─── DATA FOR THIS TASK ───

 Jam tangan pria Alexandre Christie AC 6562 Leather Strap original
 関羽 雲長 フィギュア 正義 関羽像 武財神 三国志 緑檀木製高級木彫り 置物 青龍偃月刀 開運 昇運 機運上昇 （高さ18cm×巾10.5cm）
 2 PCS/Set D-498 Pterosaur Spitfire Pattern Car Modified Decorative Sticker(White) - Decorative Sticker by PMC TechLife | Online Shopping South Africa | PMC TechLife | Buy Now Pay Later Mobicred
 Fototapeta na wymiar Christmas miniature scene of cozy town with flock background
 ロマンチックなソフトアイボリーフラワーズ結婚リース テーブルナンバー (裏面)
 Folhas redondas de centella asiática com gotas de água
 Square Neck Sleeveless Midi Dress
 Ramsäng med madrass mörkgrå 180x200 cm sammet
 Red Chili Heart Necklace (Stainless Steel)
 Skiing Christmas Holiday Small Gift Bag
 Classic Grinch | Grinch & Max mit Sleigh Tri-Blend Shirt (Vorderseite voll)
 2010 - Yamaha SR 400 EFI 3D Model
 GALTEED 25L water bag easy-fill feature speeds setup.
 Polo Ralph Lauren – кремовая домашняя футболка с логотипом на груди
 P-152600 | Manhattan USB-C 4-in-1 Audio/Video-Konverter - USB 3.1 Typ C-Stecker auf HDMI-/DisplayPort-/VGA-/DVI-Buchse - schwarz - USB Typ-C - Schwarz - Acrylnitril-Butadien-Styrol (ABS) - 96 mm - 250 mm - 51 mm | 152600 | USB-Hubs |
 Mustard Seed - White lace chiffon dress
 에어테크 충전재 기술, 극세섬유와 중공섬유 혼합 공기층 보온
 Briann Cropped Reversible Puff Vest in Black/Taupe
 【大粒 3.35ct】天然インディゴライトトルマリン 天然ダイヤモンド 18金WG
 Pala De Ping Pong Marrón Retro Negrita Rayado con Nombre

───

# TASK DIRECTIONS
Starting at the line that contains "Ramsäng med madrass", write out every line to the end of the entries, exactly as given.

# SOLUTION TO THIS TASK
 Ramsäng med madrass mörkgrå 180x200 cm sammet
 Red Chili Heart Necklace (Stainless Steel)
 Skiing Christmas Holiday Small Gift Bag
 Classic Grinch | Grinch & Max mit Sleigh Tri-Blend Shirt (Vorderseite voll)
 2010 - Yamaha SR 400 EFI 3D Model
 GALTEED 25L water bag easy-fill feature speeds setup.
 Polo Ralph Lauren – кремовая домашняя футболка с логотипом на груди
 P-152600 | Manhattan USB-C 4-in-1 Audio/Video-Konverter - USB 3.1 Typ C-Stecker auf HDMI-/DisplayPort-/VGA-/DVI-Buchse - schwarz - USB Typ-C - Schwarz - Acrylnitril-Butadien-Styrol (ABS) - 96 mm - 250 mm - 51 mm | 152600 | USB-Hubs |
 Mustard Seed - White lace chiffon dress
 에어테크 충전재 기술, 극세섬유와 중공섬유 혼합 공기층 보온
 Briann Cropped Reversible Puff Vest in Black/Taupe
 【大粒 3.35ct】天然インディゴライトトルマリン 天然ダイヤモンド 18金WG
 Pala De Ping Pong Marrón Retro Negrita Rayado con Nombre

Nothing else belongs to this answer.